Satu lagi kawasan terbuka hijau yang diidamkan adalah kawasan di sekitar Jalan Veteran atau belakang terminal Wates. Tanjung menyebut kawasan itu , dari pasar burung ke selatan sampai pasar ikan Kulon Progo Fish Center yang sekarang berubah nama menjadi Pasar Ikan Sarwo Laris ke arah barat hingga selokan di kawasan itu, dulunya didesain menjadi satu sinergi sebaga kawasan ekonomi hijau, sekaligus untuk penyangga Terminal Wates. Namun, angan-angan itu pun, saat ini tidak terlaksana, bahkan kawasan cenderung terbengkelai.
“Pasar ikan sudah susah payah kita bangun untuk bisa jadi penyangga terminal walau terminal kecil ya. Untuk ruang terbuka hijau dan kuliner di wilayah kota Wates. Karena kan disitu juga ada hotel, kantor, sekolah, cocok sekali,” kata Tanjung.
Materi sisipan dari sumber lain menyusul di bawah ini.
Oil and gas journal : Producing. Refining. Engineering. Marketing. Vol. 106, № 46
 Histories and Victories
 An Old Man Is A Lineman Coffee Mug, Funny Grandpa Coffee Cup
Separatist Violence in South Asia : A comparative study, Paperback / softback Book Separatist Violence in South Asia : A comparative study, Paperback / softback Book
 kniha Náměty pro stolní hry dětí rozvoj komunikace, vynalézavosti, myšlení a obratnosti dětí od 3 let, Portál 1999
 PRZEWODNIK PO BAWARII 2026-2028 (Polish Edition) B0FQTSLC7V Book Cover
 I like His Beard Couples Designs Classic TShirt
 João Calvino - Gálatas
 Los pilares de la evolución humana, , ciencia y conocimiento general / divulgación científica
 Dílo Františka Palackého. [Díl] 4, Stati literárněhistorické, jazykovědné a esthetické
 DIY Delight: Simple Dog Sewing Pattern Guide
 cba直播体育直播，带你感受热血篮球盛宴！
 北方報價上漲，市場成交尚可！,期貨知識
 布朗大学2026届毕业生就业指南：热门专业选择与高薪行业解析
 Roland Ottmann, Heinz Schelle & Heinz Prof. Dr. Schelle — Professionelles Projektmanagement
Tanjung menyebut, seingatnya dulu sudah ada desain rencana penataan kawasan belakang terminal Wates. Ia merinci kawasan itu direncanakan saling menyambung sebagai kawasan ruang terbuka hijau sekaligus ekonomi karena ada interkoneksi dari kantor pemerintah, fasilitas publik terminal, dll. Bahkan sudah tergambar rencana pembuatan gasebo di pinggir selokan di kawasan itu, untuk menjaga lingkungan sekaligus memberi ruang ekonomi.
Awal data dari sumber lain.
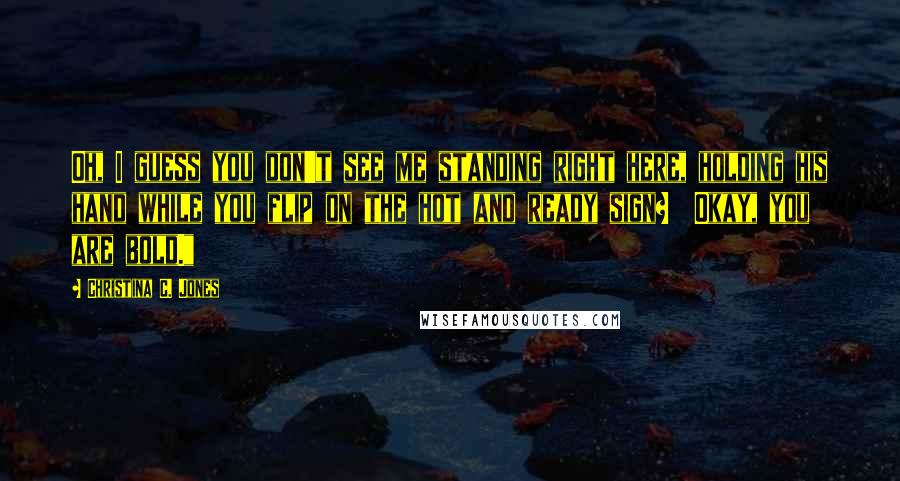 Christina C. Jones Quotes: Oh, I guess you don't see me standing right here, holding his hand while you flip on the hot and ready sign?  Okay, you are bold."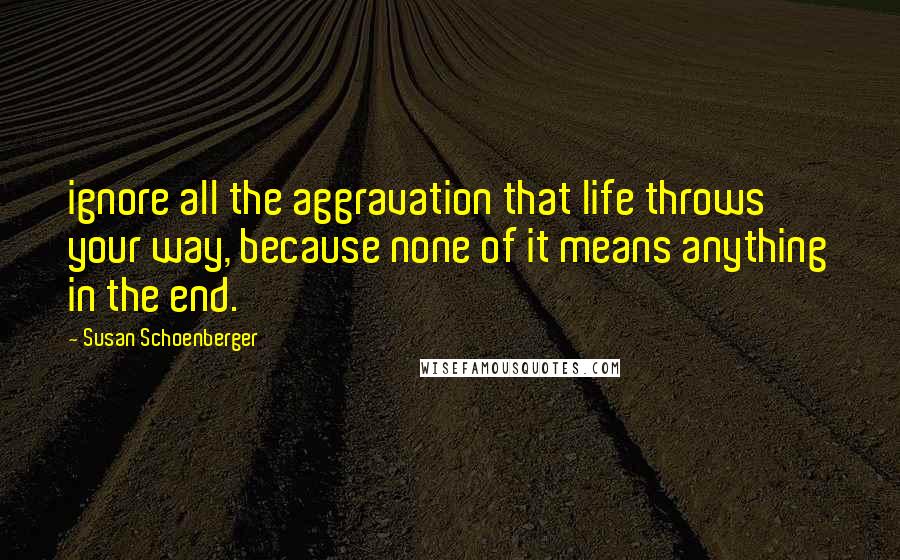 Susan Schoenberger Quotes: ignore all the aggravation that life throws your way, because none of it means anything in the end.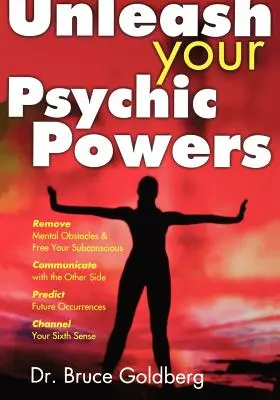 Uvolněte své psychické síly - Unleash Your Psychic Powers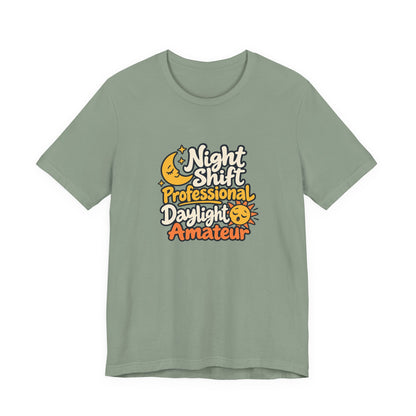 Daylight Amateur Night Nurse Shirt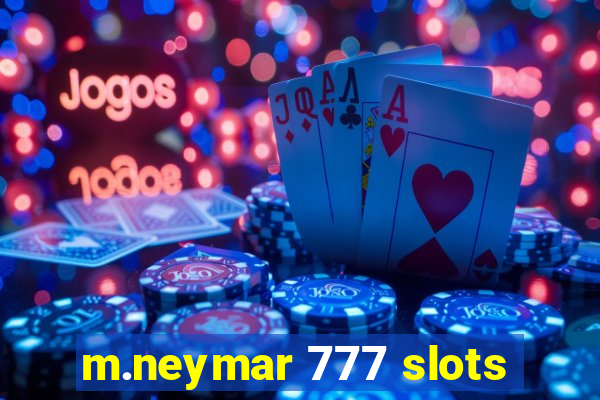 m.neymar 777 slots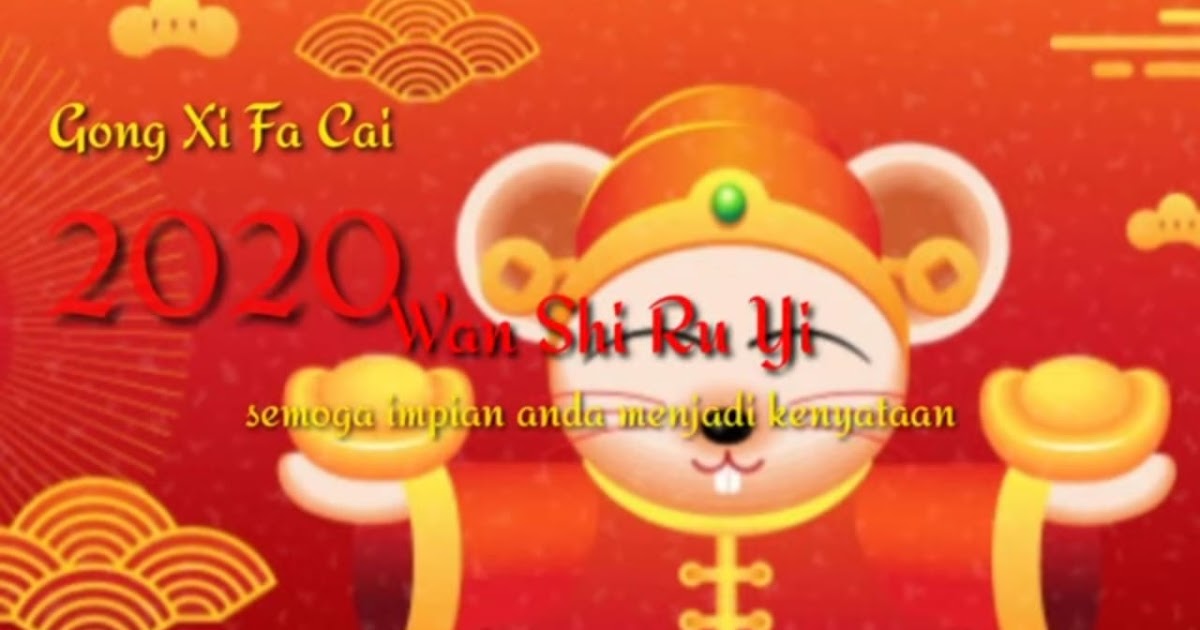 Gong Xi Fat Cai 2020 Tanggal Berapa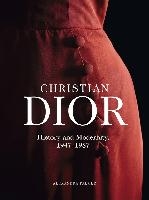 Christian Dior: History and Modernity, 1947 - 1957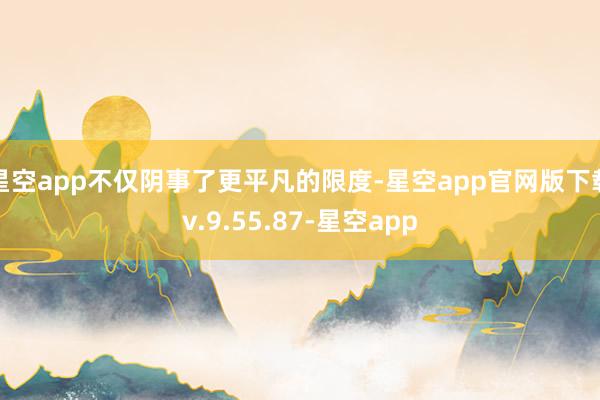 星空app不仅阴事了更平凡的限度-星空app官网版下载v.9.55.87-星空app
“Dulu itu ada interkoneksi kantor pemerintah, sampai ke wilayah barat untuk ruang terbuka hijau itu dulu ada itu, saya ingat , tapi memang saya gak punya dokumennya. Jadi sampai kali di barat pasar ikan nanti kita buat tempat ruang terbuka hijau , jadi kalinya bersih bisa untuk kegiatan masyaraka, terus juga di kawasan itu direncanakan untuk parkiran pengunjung terminal menyatu sebagai fasilitas terminal tapi di luar terminal. Kalau begitu kan gambarannya, kan sekarang orang menjemput pakai mobil masuk ke terminal, terminal kecil terlihat sumpek ya, nah kalau dibuat ruang terbuka hijau di belakangnya, dan parkiran di situ, juga kulinernya ada, orang yang menunggu jemputan naik bis enak disitu. Terus itu tadi yang di pinggiran kali dibuat gasebo kecil. Dulu sempet kita ajukan seperti itu sampai ke ujung itu,” urainya.
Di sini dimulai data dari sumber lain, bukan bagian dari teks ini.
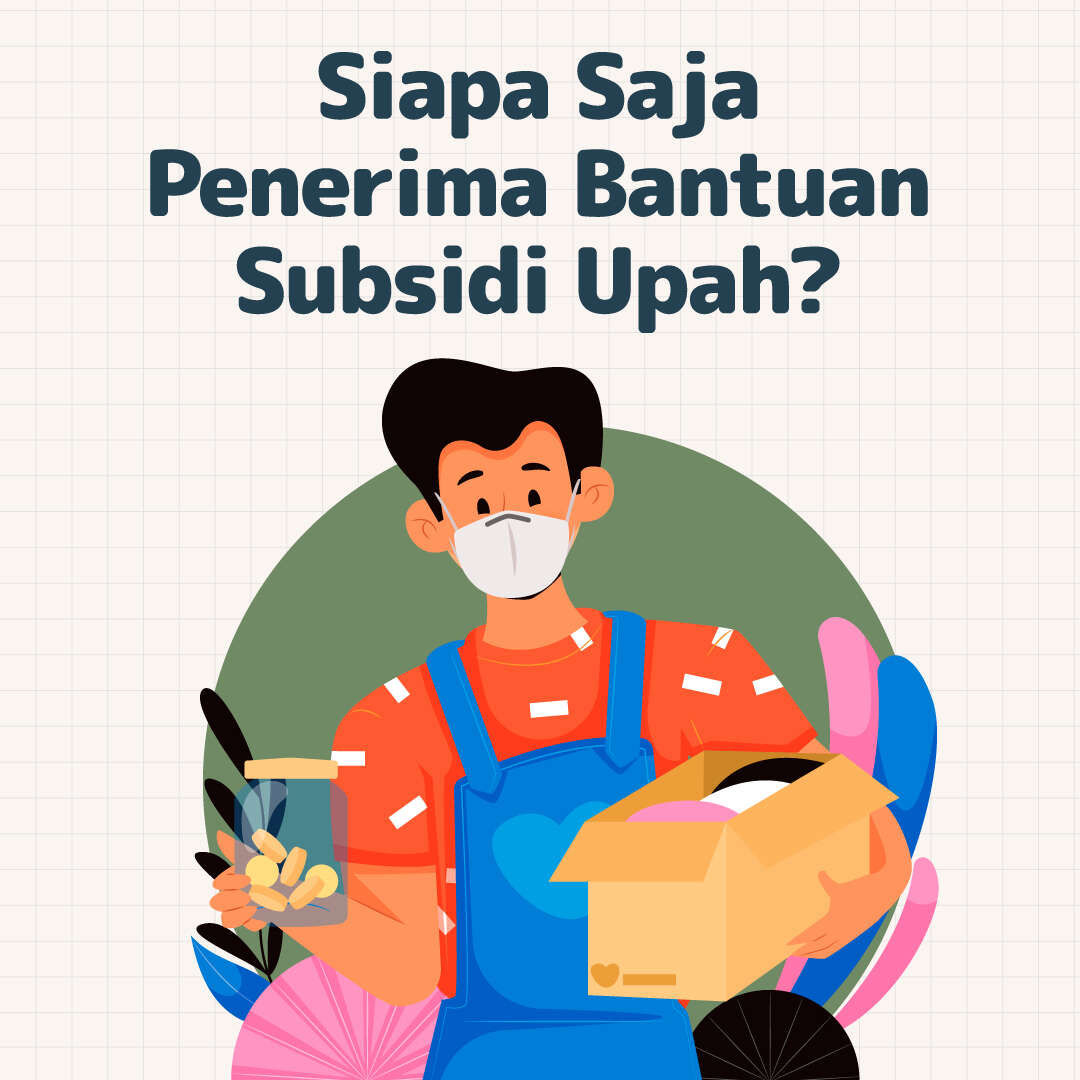 Siapa Saja Penerima Bantuan Subsidi Upah?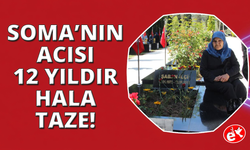 Soma'nın acısı 12. yıldır yüreklerde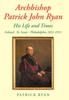 Книга Archbishop Patrick John Ryan His Life And Times Ireland St Louis Philadelp by Patrick Ryan - Hardback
Persoalan lain terkait tata ruang barat teteg kulon arah kawasan RSUD Wates. Menurut Tanjung kawasan itu awalnya juga disiapkan tidak menjadi pusat keramaian dan dilengkapi zona pejalan kaki dan pesepeda. Hal itu untuk memudahkan akses ke RSUD Wates saat ada kejadian darurat. Namun, kenyataannya, Tanjung menambahkan, di jalur teteg kulon ke barat justru menjadi pusat keramaian baru, dengan adanya sekolah, pasar bahkan kafe. Padahal jalur itu menjadi akses utama dan termudah ke RSUD Wates tanpa melintasi jalur kereta.
“Nah yang di Rumah Sakit Wates itu kita bingung jalan mentok kereta api. Nah dulunya jalan dari teteg kulon ke barat kita berharap tidak ada pusat keramaian dan jalan itu ada jalan sepeda ada pedestrian yang tidak tercampur jalan kendaraan umum . Sehingga ketika ada musibah dengan ambulan tidak ada hambatan . Tapi kita lihat disana sekarang, ada sekolah, pasar , ada kafe lah itu membuat repot . Terjadi keramaian di situ. Sirine ambulan tidak bisa membuka kemacetan yajg ada disana. Padahal nyawa kan lebih penting. Harus lewat mana lagi karena selatan ketutup kereta api,” tambahnya.
Lebih lanjut Tanjung berharap, kawasan-kawasan yang mangkrak seperti bekas pasar burung Gawok dioptimalkan untuk pengembangan ekonomi masyarakat tentu dengan perencanaan yang matang.
“Kalau memang ada dana untuk pengembangan ekonomi masyarakat ya dipercepat. Mengingat ada bandara dan kita melihat masyarakat ingin juga berkuliner di kota Wates.
Orang kan kalau akan belanja di bandara akan takut harga mahal, nah kalau di Wates ada kulineran juga ruang terbuka hijau mereka tidak akan bosan. Nah ini kira-kira bisa meningkatkan pendapatan perekonomian masyarakat juga,” pungkas Tanjung.